I am sorry if you got that impression. Nothing could be further from the
truth. My motivation behind participating in this newsgroup is to learn
about best practice from more experienced peers and pass on my knowledge
to the less experienced. I am really not in for
I-beat-a-Boost-guru-in-a-discussion games. My apologies if I made it
sound like I were.

Since you don't see any inconsistencies or contradictions where I do,
the problem must be communication, I guess.

> If you are merely suggesting that Microsoft's "Safer C" specification
> uses a different concept of the term "precondition," which allows a
> documented response to violations, you'll get no argument from me on
> that point. I never claimed that everyone in the world has the same
> concept. Clearly you and I don't, and I daresay the fact that
> somebody at Microsoft disagreed with me certainly doesn't prove
> anything about the coherence of my arguments.

Of course not. I am just trying to sort out who means what by
"precondition". As you said:

> A technical term is much more powerful and useful when it
> distinguishes one thing from another.

It is also more powerful and useful when there are not several slightly
different definitions being used in the industry.

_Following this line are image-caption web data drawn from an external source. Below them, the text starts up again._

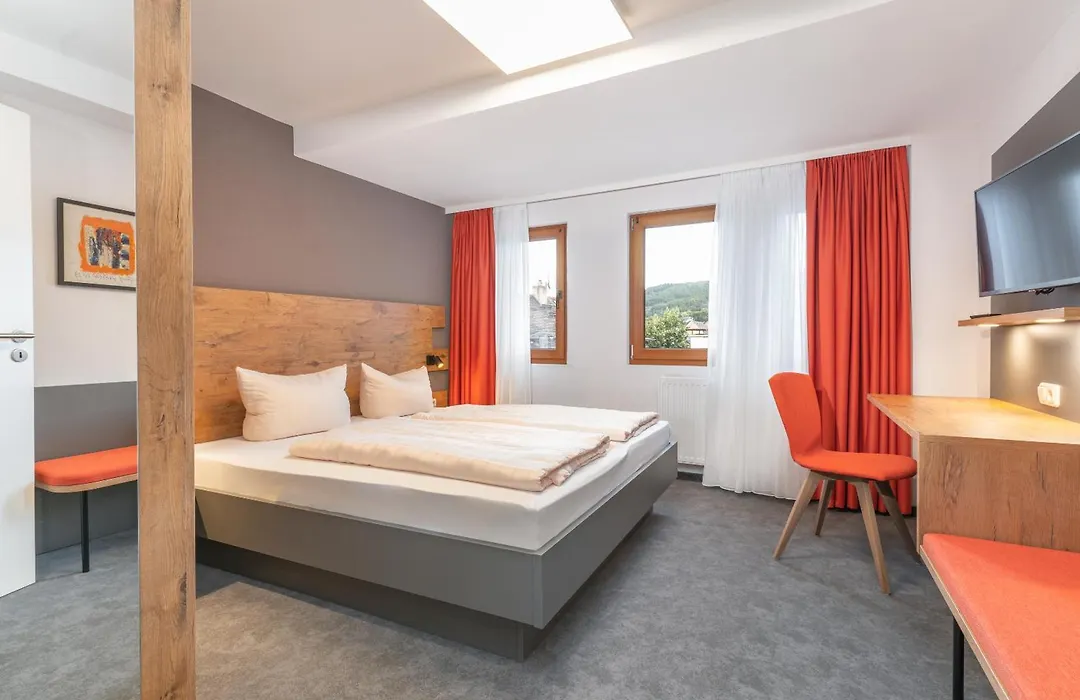 Park Hotel-1
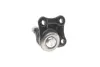 Кульова опора AUDI/SEAT/SKODA/VW A3/Leon/Octavia/Golf/Polo "FL "D=18mm "96-"05 ="" Delphi TC824 (фото 6)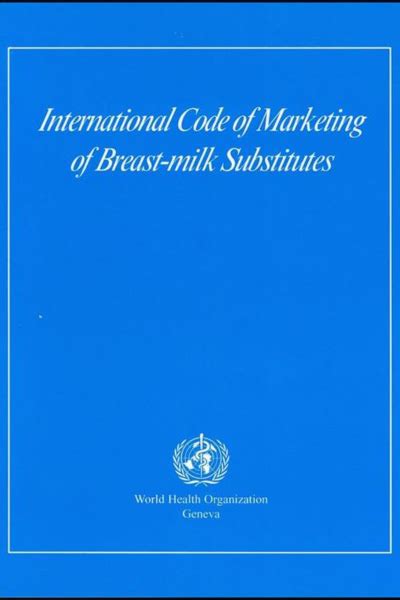 Image result for A Quick Guide to Who Code Basics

By the way, I cited P. J. Plauger because of his role as an experienced
C++ Standard Library implementer, not because of his Microsoft
connection. When two experts who work in closely related fields don't
seem to use a technical term in the same way, how are ordinary
programmers supposed to agree on it?


--
Gerhard Menzl

#dogma int main ()

Humans may reply by replacing the thermal post part of my e-mail address
with "kapsch" and the top level domain part with "net".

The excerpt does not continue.